It was only last year that I discovered the joy of short stories thanks to Anton Chekhov
and Edgar Allan Poe
(although it seems longer since time is a "great ball of wibbly wobbly timey wimey stuff"). Since then I have been interested in the great short story authors of all time (as well as writing my own short stories), among whom Lovecraft is often mentioned. So I was very optimistic about this volume of stories when I started to read it - particularly in regards to the 'infamous Cthulhu Mythos.'
This volume opened with a brilliant foreword by Robert Bloch which described why Lovecraft deserves to be among the greats of horror writing and short story writing. When I read his stories I found them to have a similar effervescence and mellifluous beauty to Poe and in some parts the simplicity of Chekhov, yet clearly the work was one hundred percent unique. What Lovecraft has done with his short stories is create a world that focuses on the unknown. His terror is not simple blood and gore shock tactics to scare the audience, it is the horror that requires a deeper level of skill, to creep the audience out by linking the narrators to mysterious and creepy terrors. I found the supernatural and science fiction elements of his horror unique to him as while his language may have been similar to other short story artists the themes were completely unique and specific to his work. Very few other short story writers have written short stories that constantly link while telling different stories.
What are the themes of these short stories? Well Lovecraft deals in a variety of themes such as:
dreams, mirrors and hence the self, the 'other', the unknown, the danger of cults and occult powers, corpses, tombs, old ruined houses, cannibalism, science vs. religion, the cosmos, monsters vs. men, crawling and slimy creatures, insanity and psychology.
It seemed to me that Lovecraft believed not in deities as such or had a personal religion but was more a scientist who believed in the power of the cosmos.
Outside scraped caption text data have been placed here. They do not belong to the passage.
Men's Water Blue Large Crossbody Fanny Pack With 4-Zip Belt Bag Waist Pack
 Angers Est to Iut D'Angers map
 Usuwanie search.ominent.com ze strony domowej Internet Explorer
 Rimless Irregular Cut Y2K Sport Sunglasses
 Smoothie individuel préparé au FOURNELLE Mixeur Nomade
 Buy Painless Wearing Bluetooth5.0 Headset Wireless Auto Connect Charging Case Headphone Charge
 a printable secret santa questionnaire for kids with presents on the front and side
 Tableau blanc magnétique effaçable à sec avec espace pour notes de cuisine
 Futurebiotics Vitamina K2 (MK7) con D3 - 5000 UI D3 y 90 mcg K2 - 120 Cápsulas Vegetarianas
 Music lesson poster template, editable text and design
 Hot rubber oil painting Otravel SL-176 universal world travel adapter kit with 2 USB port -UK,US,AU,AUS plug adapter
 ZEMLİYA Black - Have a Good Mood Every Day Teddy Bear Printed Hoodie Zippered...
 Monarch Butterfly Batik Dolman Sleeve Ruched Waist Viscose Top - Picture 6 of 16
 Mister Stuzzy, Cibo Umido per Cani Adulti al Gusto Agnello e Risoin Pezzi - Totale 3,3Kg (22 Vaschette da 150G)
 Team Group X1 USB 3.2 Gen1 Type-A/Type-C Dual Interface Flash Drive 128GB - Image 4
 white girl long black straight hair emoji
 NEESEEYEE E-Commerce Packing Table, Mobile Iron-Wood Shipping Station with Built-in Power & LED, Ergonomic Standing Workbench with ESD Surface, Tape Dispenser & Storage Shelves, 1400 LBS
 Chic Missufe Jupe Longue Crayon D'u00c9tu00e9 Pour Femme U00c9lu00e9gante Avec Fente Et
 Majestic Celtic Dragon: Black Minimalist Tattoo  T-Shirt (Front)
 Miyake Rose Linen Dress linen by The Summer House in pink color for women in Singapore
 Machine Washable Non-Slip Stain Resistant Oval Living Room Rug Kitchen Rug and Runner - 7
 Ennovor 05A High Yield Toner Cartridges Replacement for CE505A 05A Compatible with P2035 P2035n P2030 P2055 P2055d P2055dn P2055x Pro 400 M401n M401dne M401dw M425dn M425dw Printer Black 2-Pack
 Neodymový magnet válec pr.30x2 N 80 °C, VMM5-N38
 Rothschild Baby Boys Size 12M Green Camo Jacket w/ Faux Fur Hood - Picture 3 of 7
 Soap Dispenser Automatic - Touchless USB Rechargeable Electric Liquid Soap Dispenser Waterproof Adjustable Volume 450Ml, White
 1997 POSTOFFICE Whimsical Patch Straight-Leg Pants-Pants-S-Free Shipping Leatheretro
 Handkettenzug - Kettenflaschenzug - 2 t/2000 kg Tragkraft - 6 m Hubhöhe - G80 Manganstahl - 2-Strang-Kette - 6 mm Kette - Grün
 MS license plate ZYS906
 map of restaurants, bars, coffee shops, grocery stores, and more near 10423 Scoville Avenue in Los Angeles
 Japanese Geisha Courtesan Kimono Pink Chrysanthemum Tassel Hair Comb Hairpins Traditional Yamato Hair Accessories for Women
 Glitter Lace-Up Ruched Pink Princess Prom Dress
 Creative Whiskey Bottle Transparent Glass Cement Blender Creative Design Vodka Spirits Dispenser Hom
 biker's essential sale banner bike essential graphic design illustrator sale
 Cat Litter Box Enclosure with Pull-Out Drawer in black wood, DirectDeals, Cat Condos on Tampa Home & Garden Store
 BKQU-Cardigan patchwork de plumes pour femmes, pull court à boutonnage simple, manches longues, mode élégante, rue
His view seems that the universe is strange, chaotic and hence unordered by the power of one supreme being but perhaps there may be old powers that exist in the "black seas of infinity" and will exist after people. Of course while my beliefs are very different it was interesting to note this in his fiction. He seemed to still hold a concept of black and white morality despite there being very much a greyness about his stance on human life and the powers in the universe. Curious...
The thing I also loved about the stories was pointed out to me by the foreword. Where most novels and short stories have either an unreliable* or a reliable** narrator Lovecraft wrote stories that had both at once in some strange way. The way he did this was to write first person narratives with characters who had the information but also some kind of flaw to make you doubt where the reliability was or was not. For instance this particularly occurs in the first story in this volume. Where the narrator appears to describe everything reliably until right at the end we discover that he is in fact narrating from an asylum and he is being classed as insane. However he claims he's not insane. So which viewpoint do we take?
I strongly recommend also that anyone interested in Lovecraft check out the essay he wrote called Supernatural horror in literature
. It provides several unique insights and perspectives. I also naturally recommend his tales if you're into short stories or gothic horror fiction that meets a kind of supernatural science fiction horror.
*That is you're never quite sure whether what they're telling you is all the facts or 'the truth' such as in the case of Dracula for instance.
Work it out from my definition of unreliable narrator
That is a narrator who you believe to be telling all the facts or at least enough to trust his perspective. Think Nick from The Great Gatsby.